Things I think I think
Ryan Patrick Shannon was misused as a winger. Shannon, who scored his second power-play goal in two games, continues to look much better since being moved to centre — with the Senators down a pair, after the trading of Mike Fisher and Chris Kelly. Shannon has played mostly on the wing as a pro, but that’s not his original position. “When I played in Portland (for the AHL Pirates), I was playing with Zenon Konopka and Dustin Penner,” he said of the 2005-06 campaign. “I was originally a centremen in college, but when you’re playing with Zenon Konopka and Dustin Penner, Zenon’s not going to play the wing. I played on the right side.” Shannon led the team in scoring with 86 points as the Pirates reached the conference final ... David Hale was solid in his first game on the Senators blueline since Nov. 26. He might have been recalled from Binghamton sooner, but he missed about a month of action with a flu that went around the rooom a couple of times ... The Devils, who finally made it over the .500 hump just before the landed in Ottawa, have been doing a lot of iPhone watching during their improbable run at a playoff spot. “That iPhone, it’s easy to check it out (scores), everywhere you want, whenever you want,” said Martin Brodeur. “We’re always a bunch of guys together, so we always look at that. And it’s hard to go somewhere in Canada and not have a hockey game on TV. We watch. This is what we do. We take a lot of pride, coming back from the position we put ourselves into.” ... With all the talk about Craig Anderson’s mask, nobody has said much about the face protector worn by his goalie partner, Curtis McElhinney. Included in the paint job is some latin scripture that says ... what? “Direct translation, I couldn’t even tell you anymore,” said McElhinney. “The helmets are three years old. I think it’s spelled wrong and I stole it out of book.” Come on. You must have some idea what it says. “It was supposed to be an interpretation of Dante’s Inferno,” explained McElhinney. “It’s one of the lines from the book. I think we just misplaced one of the letters somewhere along the line.” A couple of minutes later, Cheapsaeats’ crackerjack research team cracked the code. The words on the back of his mask, loosely translated, means Abandon all hope Ye who enter. “Yeah,” said McElhinney. “That’s it.”

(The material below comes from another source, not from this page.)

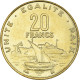 Monnaie, Djibouti, 20 Francs, 1999, Paris, SPL, Bronze-Aluminium, KM:24 - Gibuti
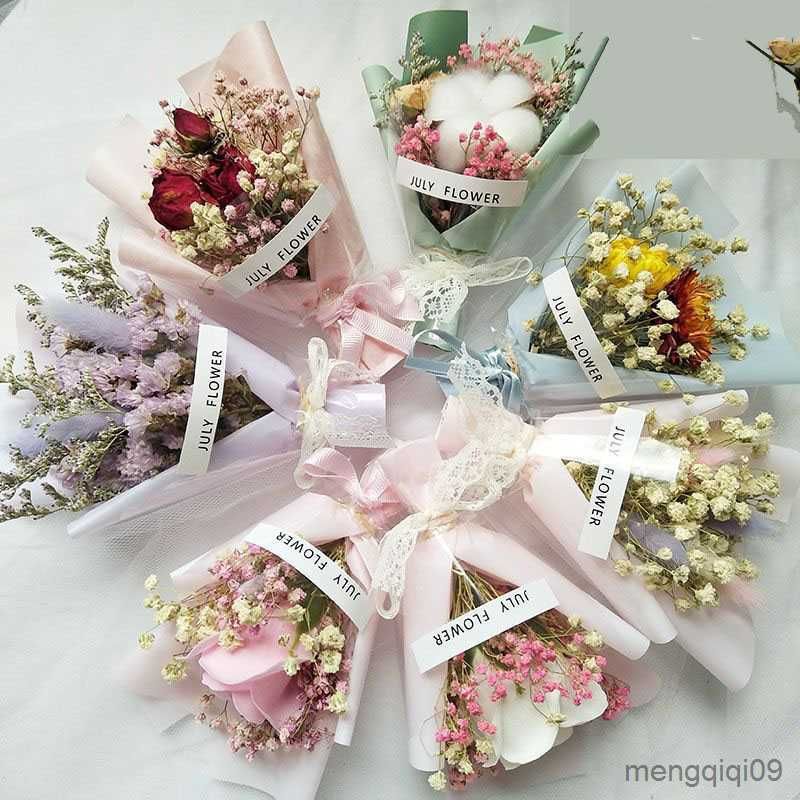 Dried Flowers Mini Flower Bouquet Gift Box Home Wedding Decoration  Ornaments DIY Craft Gifts Packing Photo Props R230626 From Mengqiqi09,  $14.01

Just about everybody wears green on Mar. 17, right? Irish or not. Senators centre Jesse Winchester had on a green shirt when he showed up at the rink Thursday morning.
Any Irish in you, Jesse?
“My girlfriend (Alana Brady) is Irish,” he said. “She flies in tonight.”
No dirty jokes, please.
“I’m travelling to Ireland this summer,” said Winchester. “It’s just a place in the world I haven’t been before. We’re just travelling, man.”
What is your ancestory?
“Somewhere in the U.K.”
You’re not sure?
“My dad’s going to kill me. My mom’s going to kill me.”
They won’t be happy.
“Winchester .. I know in some far out language it means ‘Winter Castle.’ I know my mom’s side has a little French. I’d say it’s mostly English, our family.”
But you’re not certain ...
“I don’t really get asked that often. When people say, hey, ‘where do you come from?’ I tell them Long Sioux. I’ve never really met anybody from overseas, that’s family related.”
Yeah, but everybody sort of knows their background a little bit, eh?
“I don’t really know it that well. It’s probably one of my shortcomings.
“I’m pretty sure I’m not Irish.”
No, but somewhat humorous.
A big hit
“Every time I throw on the jersey, I go out and play for the logo on the front. If I’m going out and finishing my checks, I’m doing my job.” — RW Chris Neil, who has continued to do what he does best - finish checks - despite the fact the Senators haven’t played a game with playoff implications in a long time. Entering the game Neil was eighth in the league with 217 hits.